First I'll provide a motivating example.  Then I'll present the solution.

The motivating example is regular English plurals.  For the lists 
[single, plural], [cat, dog, bear, house, homes, shack, car, automobile, truck]
, all of the plurals are obtained by just adding an 's'.  The typical lesson creator will just proceed 
through the list and add an s to every plural.  The advanced user should have the 
option to specify
(plural, [cat, dog, bear, house, homes, shack, car, automobile, truck]) -> grab the root and tack on an s

I proposed passing the tuple to a regular expression search and replace provided 
by the lesson creator.  I would separate the individual items of the tuple with the
secondary separator. So for this specific example the search pattern for single case would be
single;(*)
The replacement pattern for single case would be
\1
The search pattern for plural would be
plural;(*)
The replacement pattern for plural case would be
\1s

The UI would need: a toggle for each list so the lesson creator can specify which 
list are fully expanded and which are dealt with by the regular expression,  a popup explaining the
secondary separator convention, and a box showing the results of the regular expression editing.
This is exactly as complicated as the various regular expression helpers in existence.

Again constructions can be tested collectively in the inflection tool, or individually in multiple
choice/flash card game.  Training will be unchanged by this feature.

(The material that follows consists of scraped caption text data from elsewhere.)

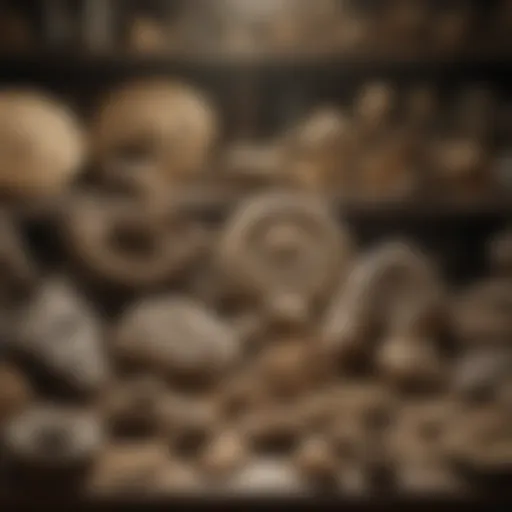 Showcasing a diverse range of fossils in a shop setting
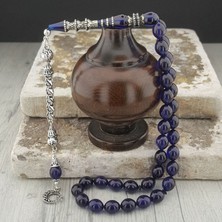 Takı925 Özel Tasarım Ay Yıldız Püsküllü Mavi Siyah Ateş Kehribar Tesbih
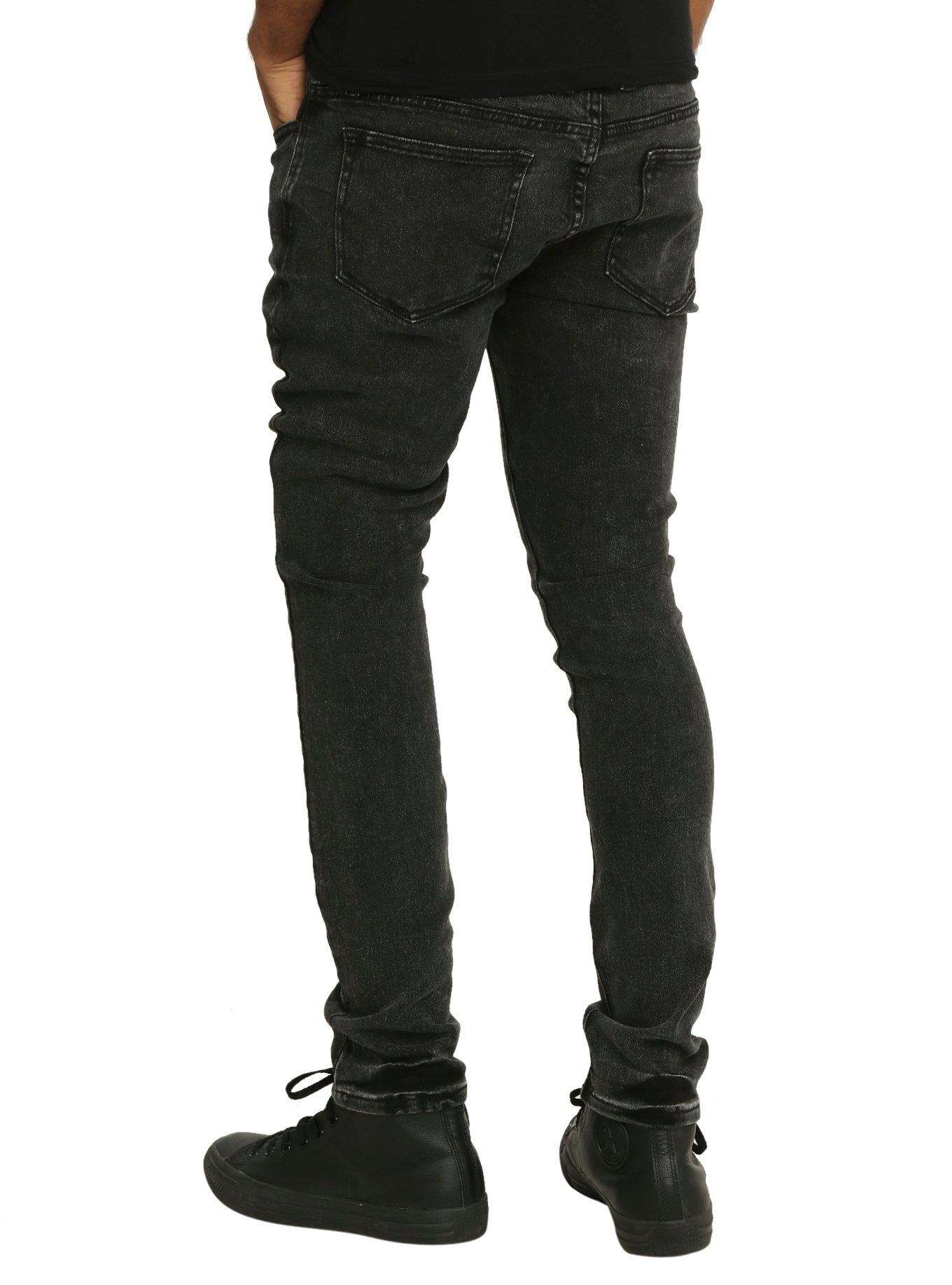 XXX RUDE Black Crinkle Wash Super Skinny Jeans, , alternate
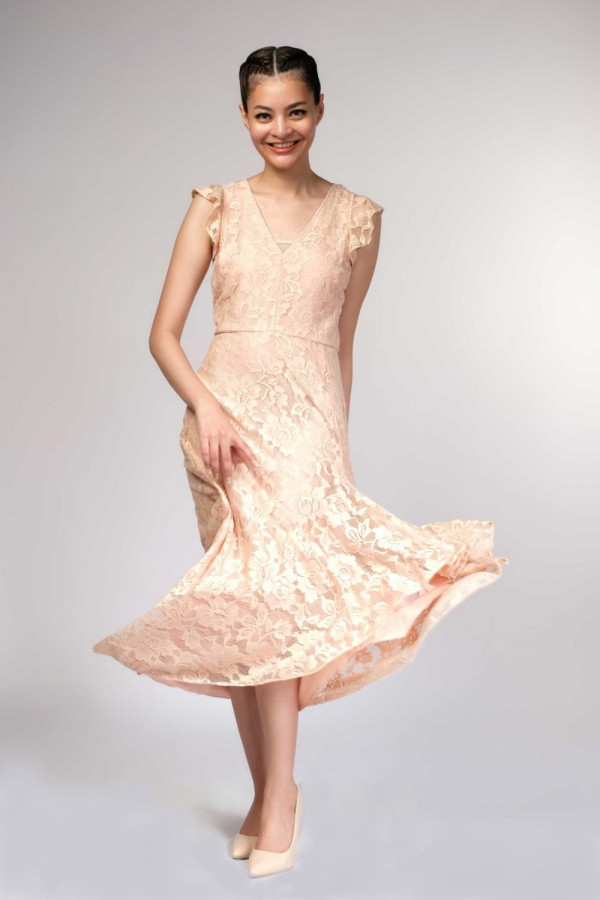 Lace Frill Midi Dress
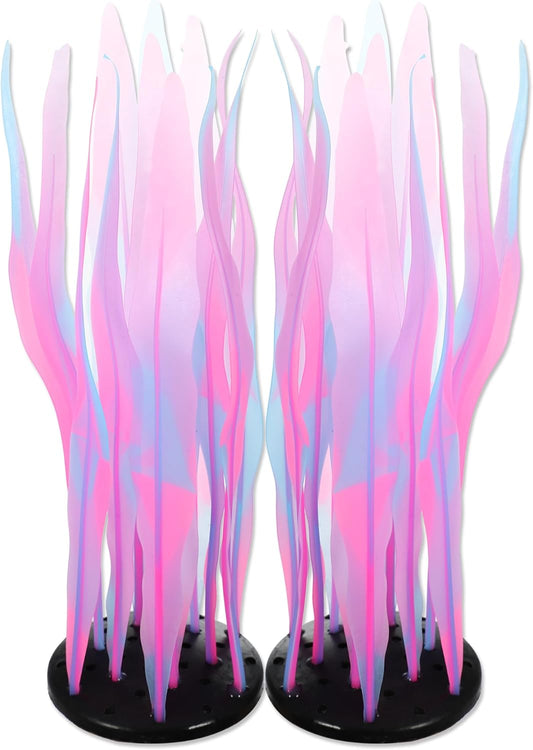 CAPASTEC aquarium glowing kelp plant front view showing pink silicone structure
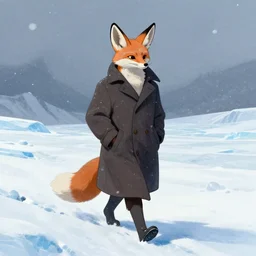an anthropomorphic fennec fox man wearing a long coat walking across a glacier, hands in pockets, blizzard, character illustration by Aaron Miller, Greg Rutkowski, thomas kinkade, Howard Pyle, disney, El Greco, Cynthia Sheppard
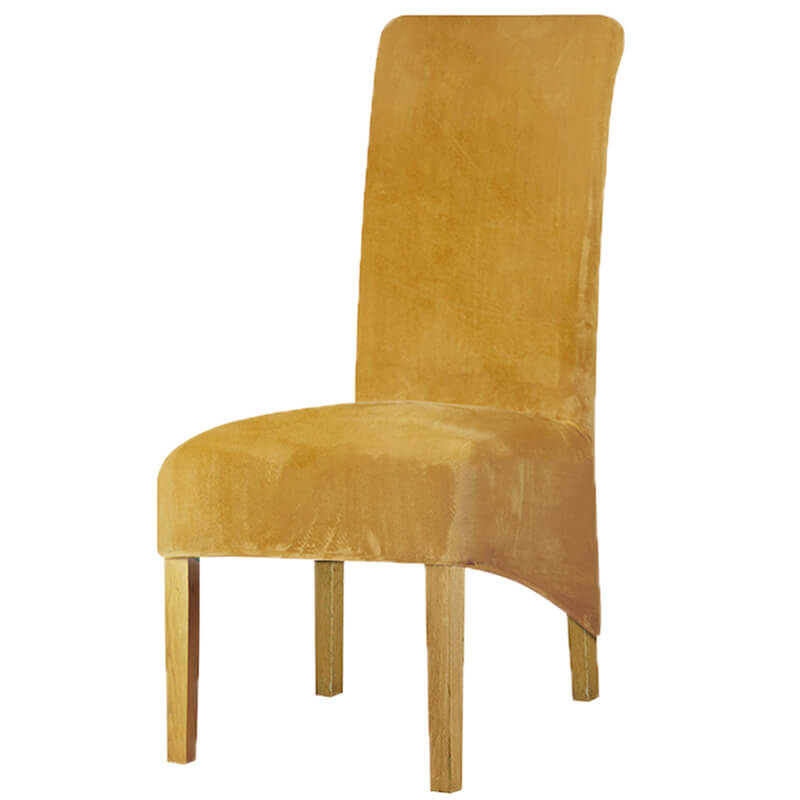 Housse de Chaise XL Velours Jaune Moutarde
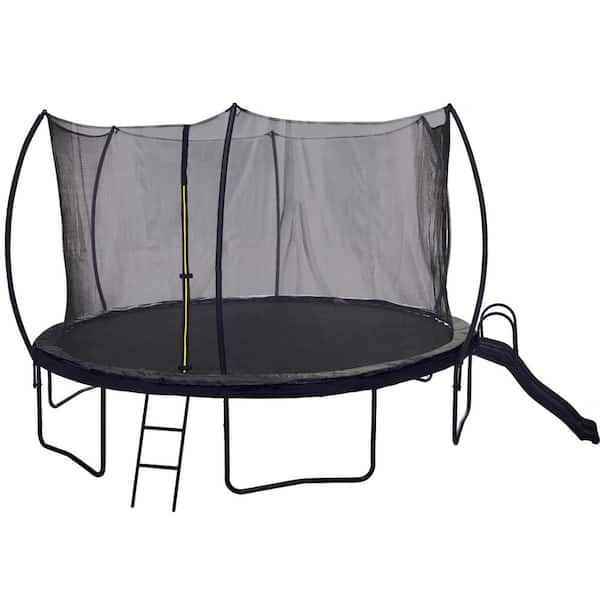 Unbranded 14FT Trampoline with Slide, Outdoor Pumpkin Trampoline for Kids and Adults with Enclosure Net and Ladder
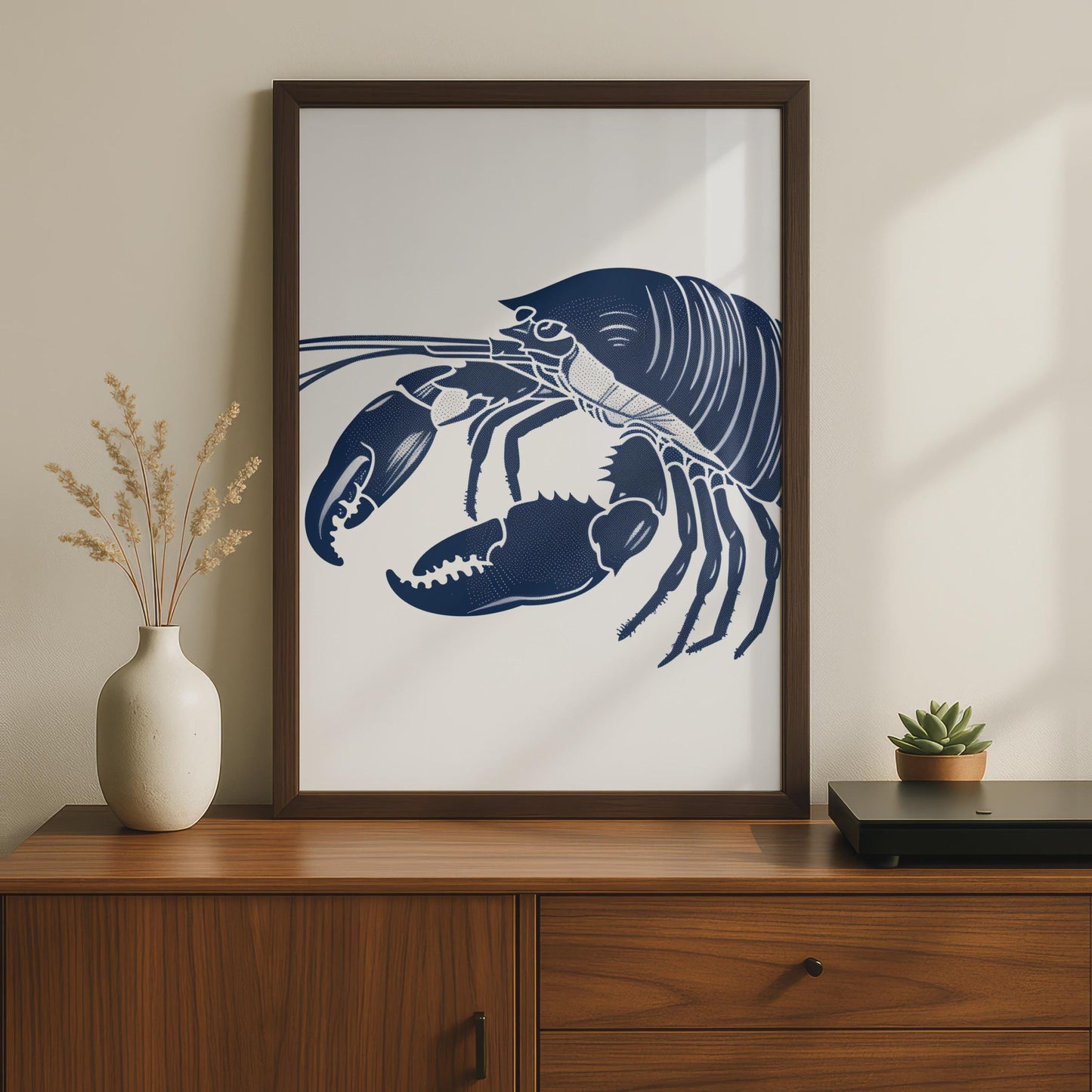 Navy Blue Lobster Illustration Print, Nautical Coastal Animal Wall Art wall art print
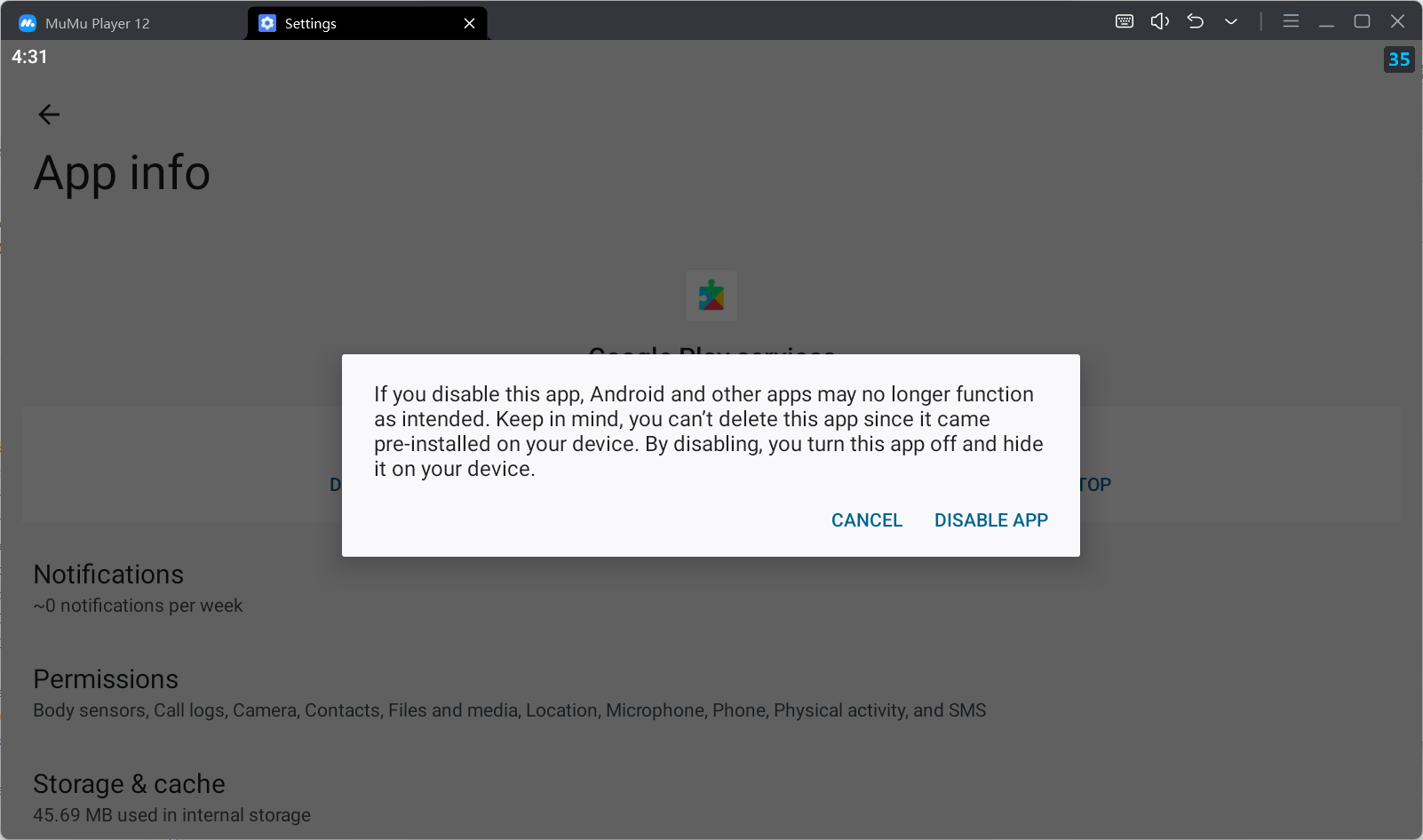 disable google service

This is the full extent of the automatically generated content that I proposed.
I do envision the advanced student using it to create short sentences. 
I will use it to create sets of prepositional phrases, which are otherwise missing in Parley.
Parley is not going to have a deep understanding of grammar and 
make meaningful paragraphs.  

This solution is intentionally, open ended so that a motivated lesson 
creator can add considerable sophistication to the lesson plan.